Any decision, therefore, to have the excitement and expectations of children and students halted due to a pandemic do not only destabilise them psychologically but also traumatise and depress them.

The school counsellor knows that he or she is a teacher, mentor and a helping professional to children, students and staff. He or she reads widely, partners colleague teachers and health professionals well (including SHEP coordinators), and prepares good psychosocial messages from Frequently Asked Questions (FQAs) on COVID-19 for compliance by students and staff.

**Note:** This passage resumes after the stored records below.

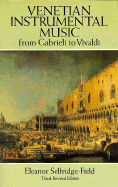 Venetian Instrumental Music from Gabrieli to Vivaldi: Third, Revised Edition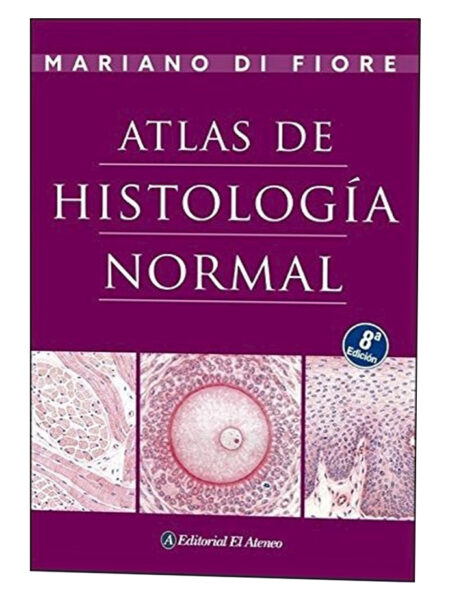 ATLAS DE HISTOLOGÍA NORMAL
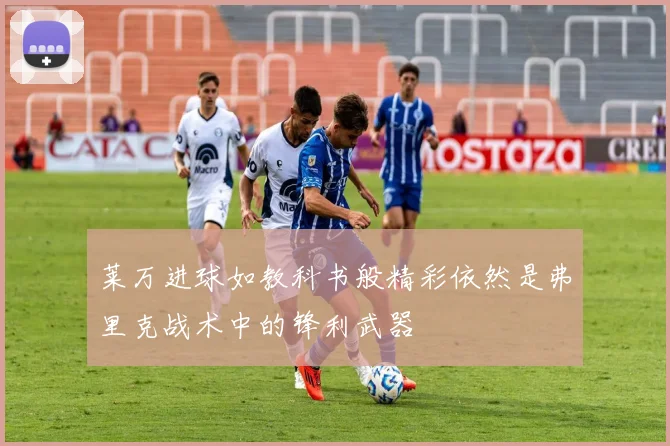 莱万进球如教科书般精彩依然是弗里克战术中的锋利武器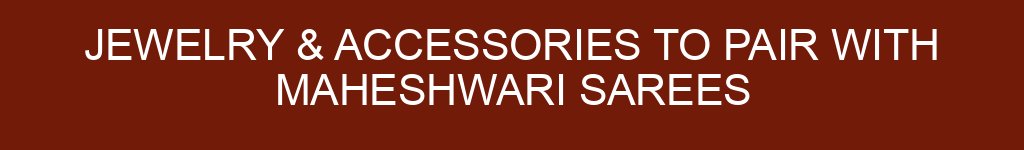 Jewelry & Accessories to Pair with Maheshwari Sarees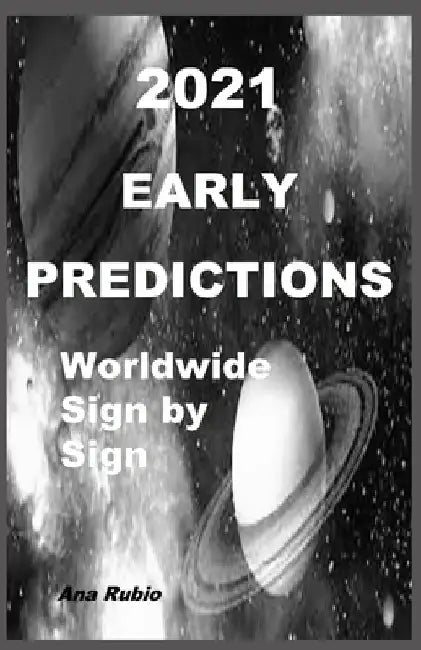 2021 Early Predictions: Worldwide and Sign by Sign by Ana Rubio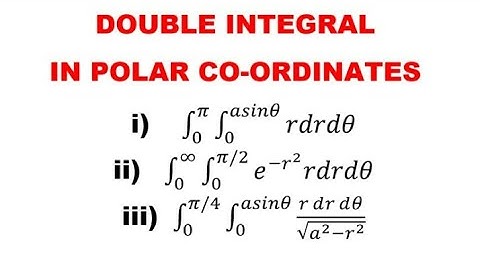 Multiple Integrals-Double Integrals In Polar co-ordinates problems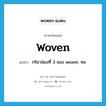 woven แปลว่า?, คำศัพท์ภาษาอังกฤษ woven แปลว่า กริยาช่องที่ 3 ของ weave, ทอ ประเภท VT หมวด VT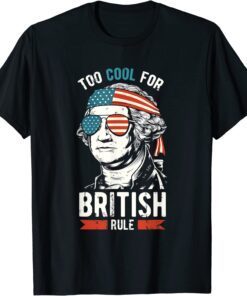 George Washington Too Cool For British Rule 4th Of July Tee Shirt
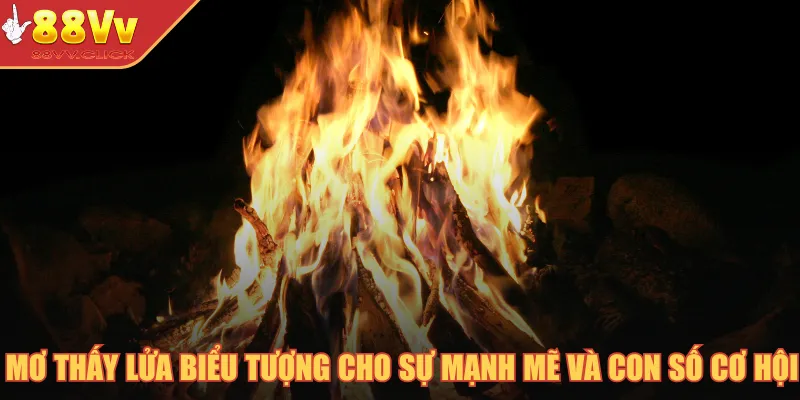 Giấc Mơ Và Số Đề - Bí Quyết Chọn Lựa Con Số Chính Xác 4 Mơ thấy lửa biểu tượng cho sự mạnh mẽ và con số cơ hội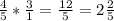 \frac{4}{5} *\frac{3}{1} =\frac{12}{5} = 2\frac{2}{5}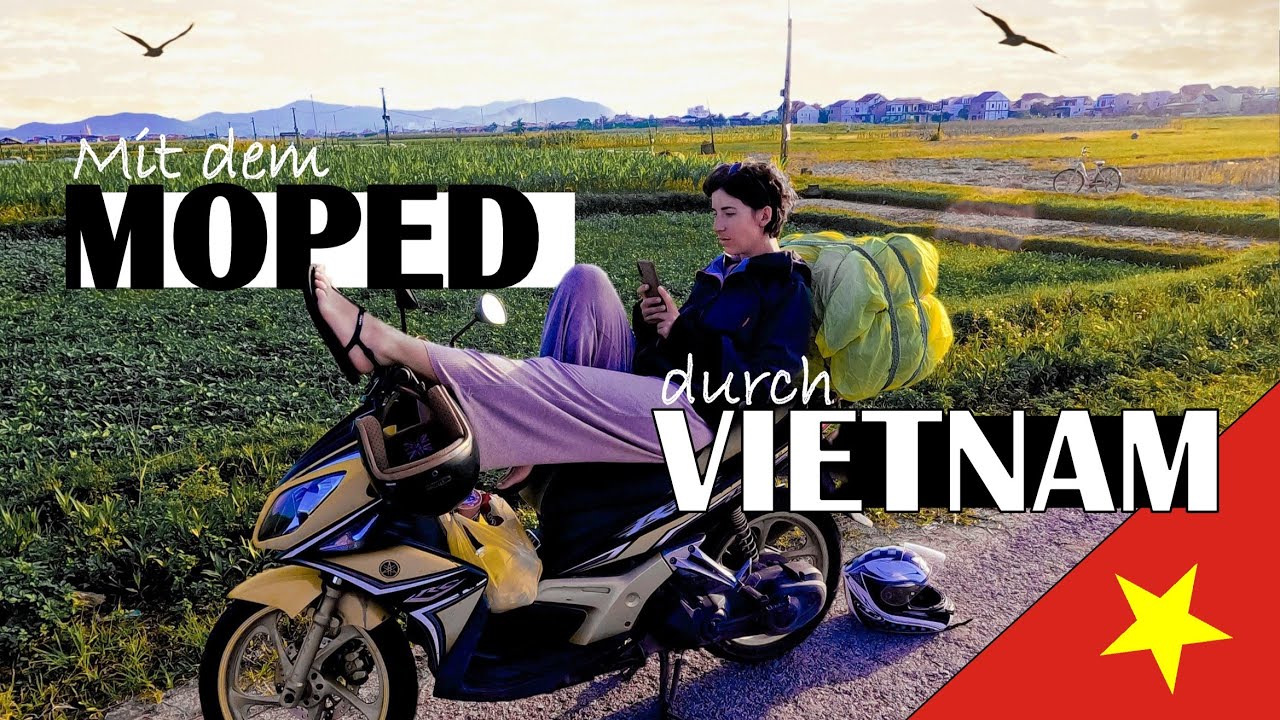 Fahr NICHT mit dem Roller in Vietnam, ohne DAS gesehen zu haben! 🛵 Route • Kosten • Tipps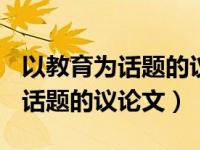 以教育为话题的议论文素材800字（以教育为话题的议论文）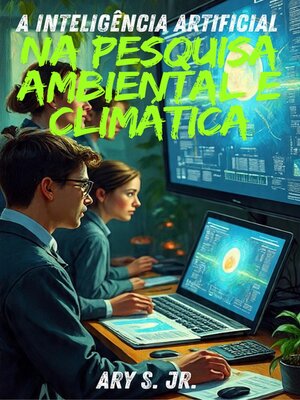cover image of A Inteligência Artificial na Pesquisa Ambiental e Climática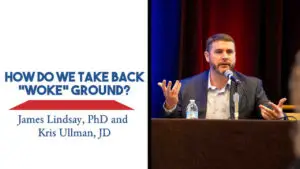 How Do We Take Back “Woke” Ground_ – James Lindsay, PhD and Kris Ullman, JD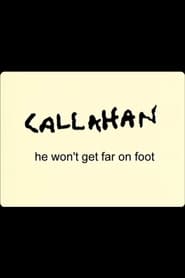 Callahan He Wont Get Far On Foot' Poster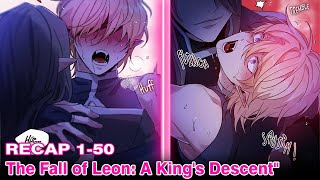 Recap 1  50 The Fall of Leon A Kings Descent  Boy Love l Manhua Recap  Manhwa Recap [upl. by Ariamat]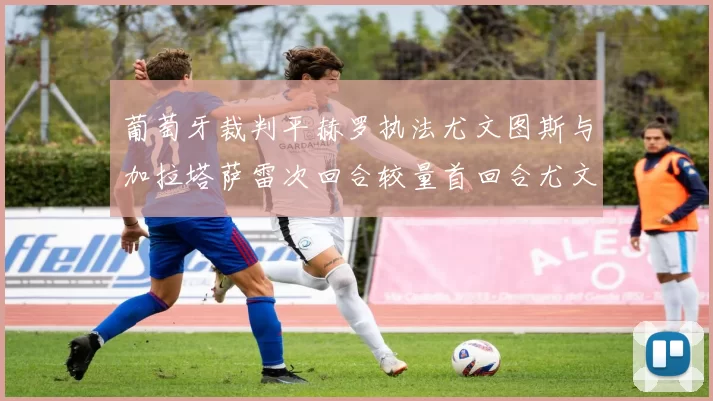 葡萄牙裁判平赫罗执法尤文图斯与加拉塔萨雷次回合较量首回合尤文惨败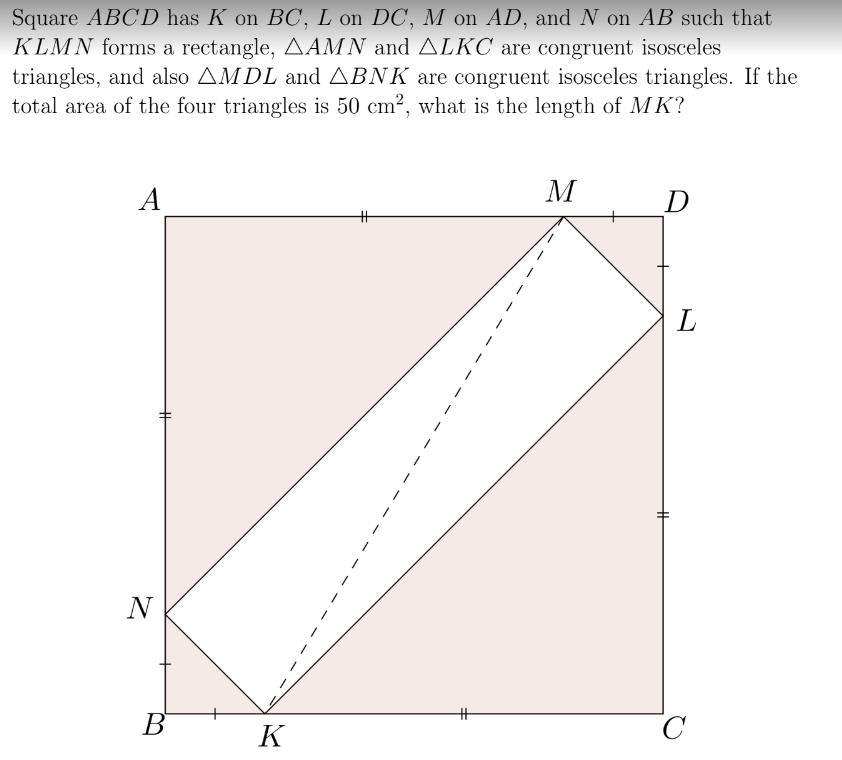 Square ABCD has K on BC, L on DC, M on AD, and N on AB such that
KLMN forms a rectangle, AAMN and ALKC are congruent isosceles
triangles, and also AMDL and ABNK are congruent isosceles triangles. If the
total area of the four triangles is 50 cm², what is the length of MK?
A
N
B
K
H
M
D
H
L
с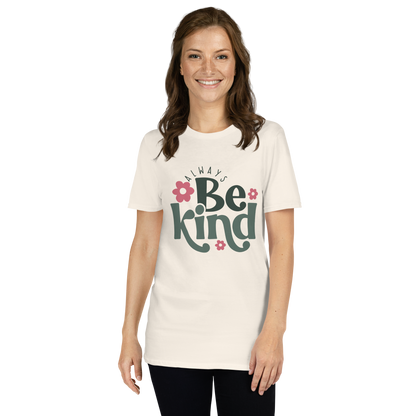 Always Be Kind Shirt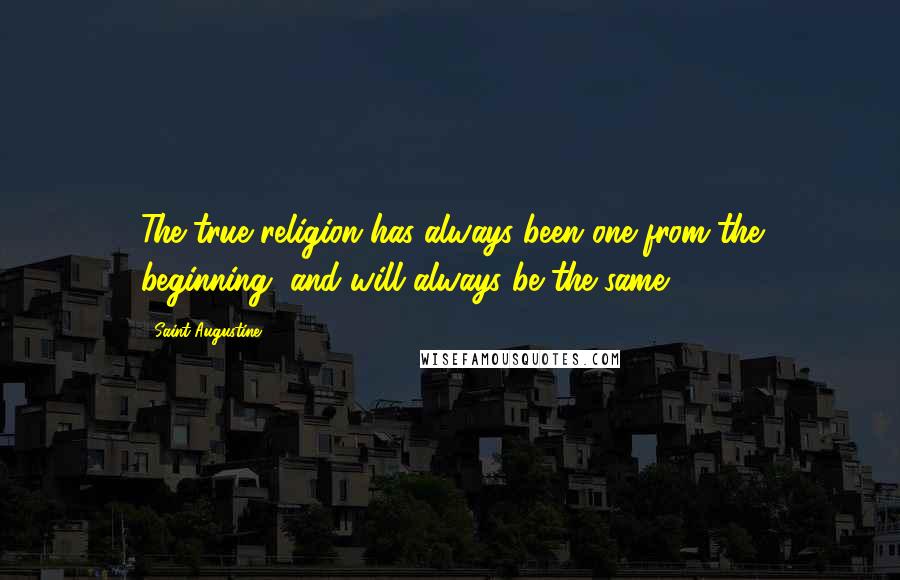 Saint Augustine Quotes: The true religion has always been one from the beginning, and will always be the same.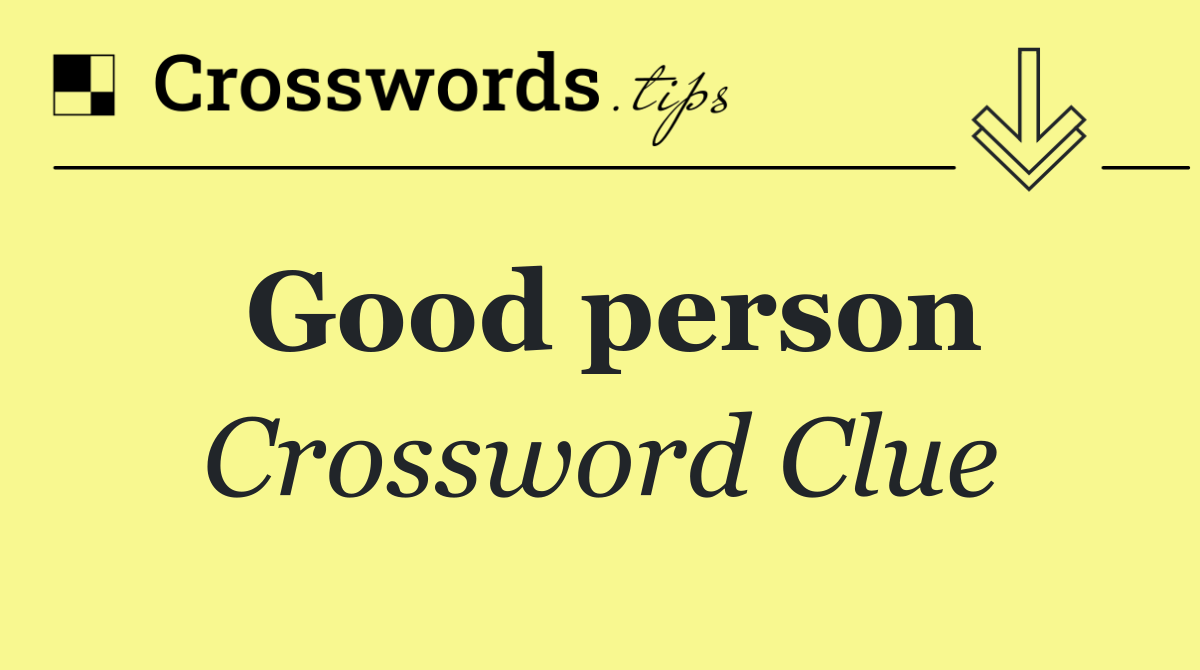 Good person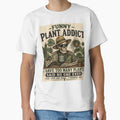 Funny Plant Addict I Have Too Many Plants Said No One Ever by New Releases Hub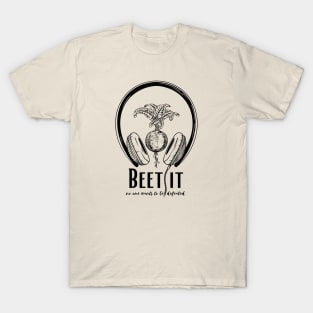 Beet It | Motivational Design | Punny Food | Black Design T-Shirt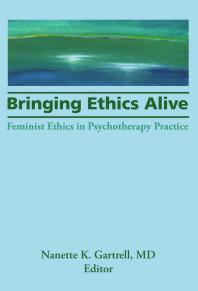 Bringing Ethics Alive : Feminist Ethics in Psychotherapy Practice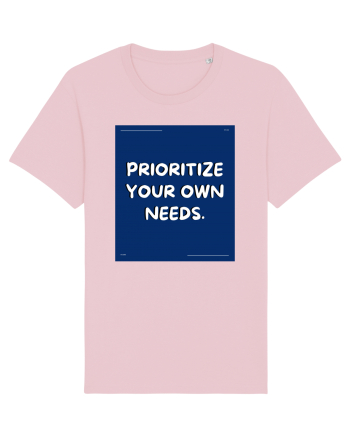 prioritize your own needs4 Cotton Pink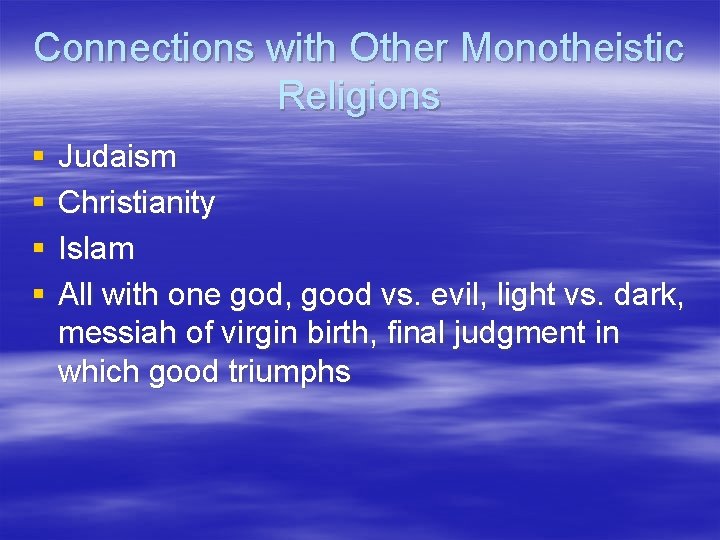 Connections with Other Monotheistic Religions § § Judaism Christianity Islam All with one god,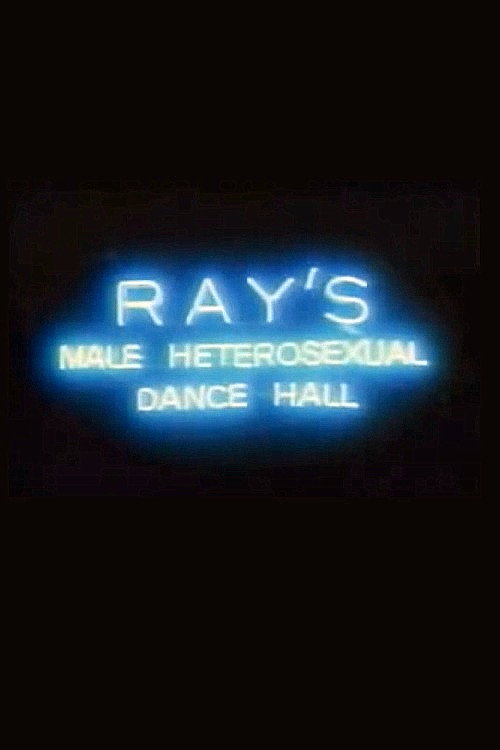 Ray's Male Heterosexual Dance Hall постер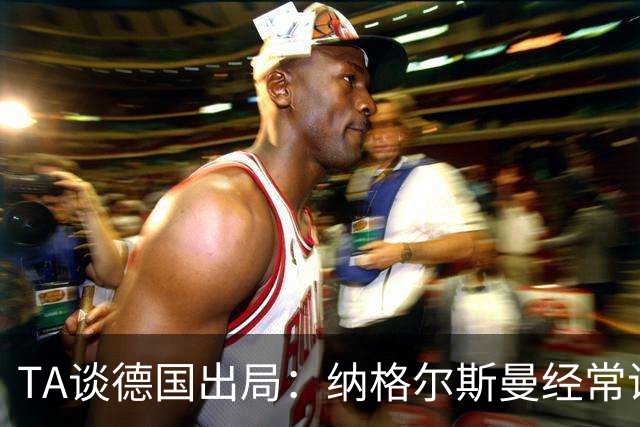 TA谈德国出局：纳格尔斯曼经常说一套做一套，德国队疑似将帅脱节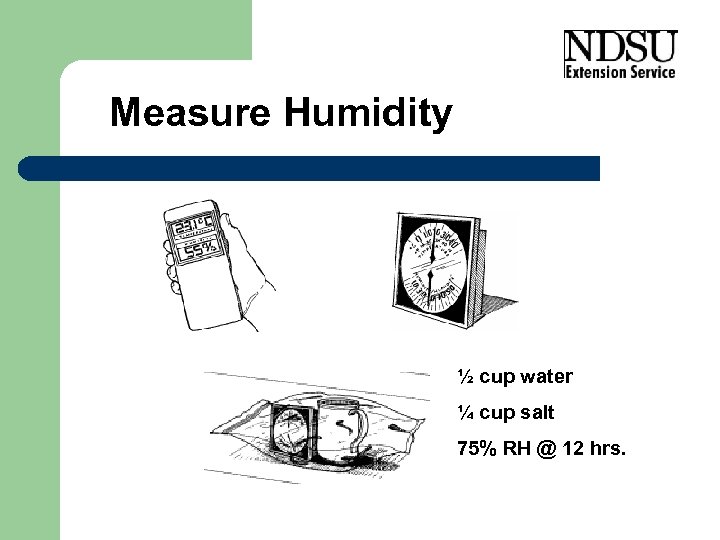 Measure Humidity ½ cup water ¼ cup salt 75% RH @ 12 hrs. 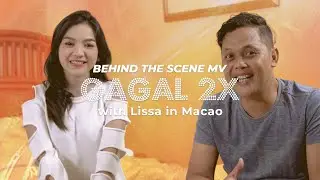 [Behind The Scene MV GAGAL 2X + Interview] - Lissa in Macao 📽️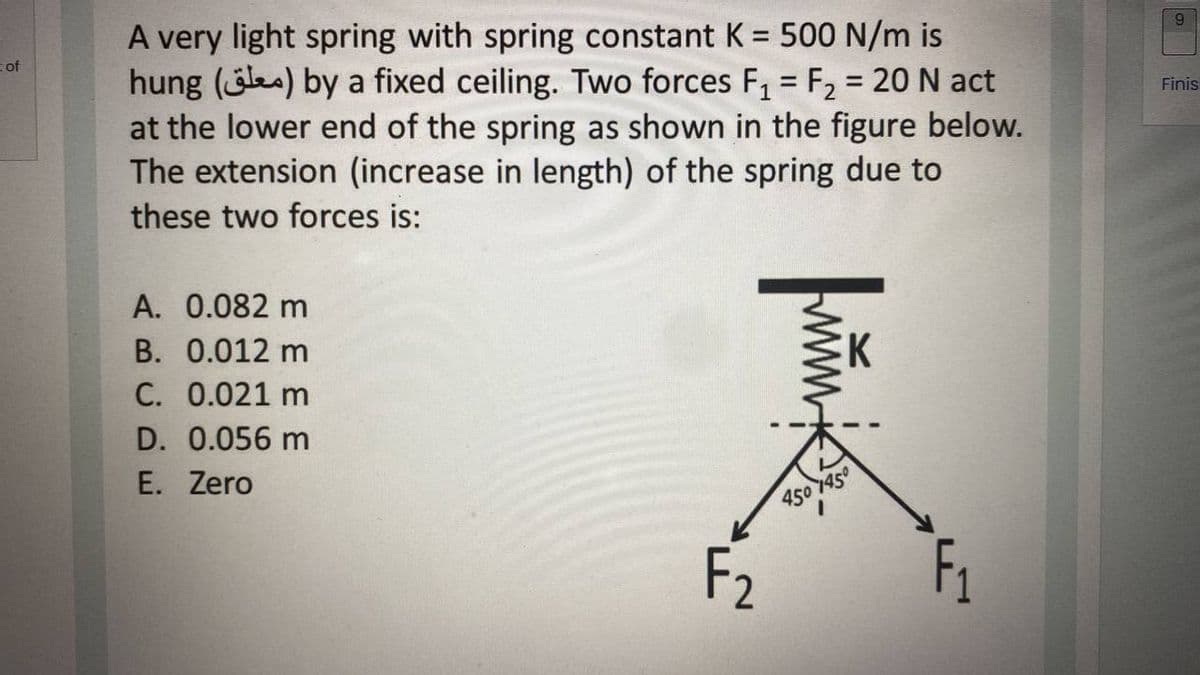 A very light spring with spring constant K = 500 N/m is
hung (ea) by a fixed ceiling. Two forces F, = F2 = 20 N act
at the lower end of the spring as shown in the figure below.
The extension (increase in length) of the spring due to
6.
%3D
of
Finis
these two forces is:
A. 0.082 m
B. 0.012 m
K
C. 0.021 m
D. 0.056 m
E. Zero
450 1450
F2
F1
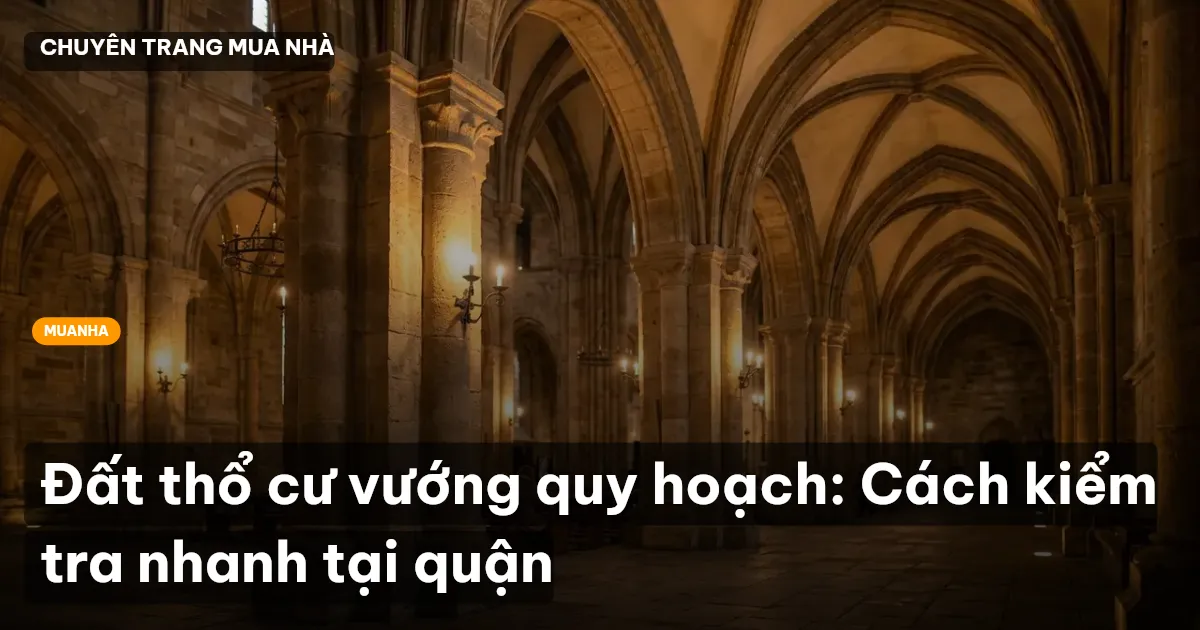 Đất thổ cư vướng quy hoạch: Cách kiểm tra nhanh tại quận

The wearing of face mask, hand sanitising and/or hand washing with soap under running water, and social (physical) distancing tips and other measures against the virus should be written in simple, clear and understandable terms and embossed at vantage points for students and staff.

Our mandate, as school counsellors, is to educate our students and to help them and colleague staff to make good decisions in life, including good behaviour while writing examinations during this COVID-19. This is another great time for us, as counsellors, to use the fine skills, principles and strategies of preventive counselling, crisis counselling and remedial counselling to help our students and staff to avoid an infection, and depression and stigmatisation linked to COVID-19.

Before COVID-19, for instance, coughing, sneezing, headache and loss of appetite had been with us and so, counsellors should try to reassure, show empathy and encourage others to do same to students and candidates so that any fear, panic and stress linked to these conditions now can fade.

Wishing all candidates safe as they work for success in their exams!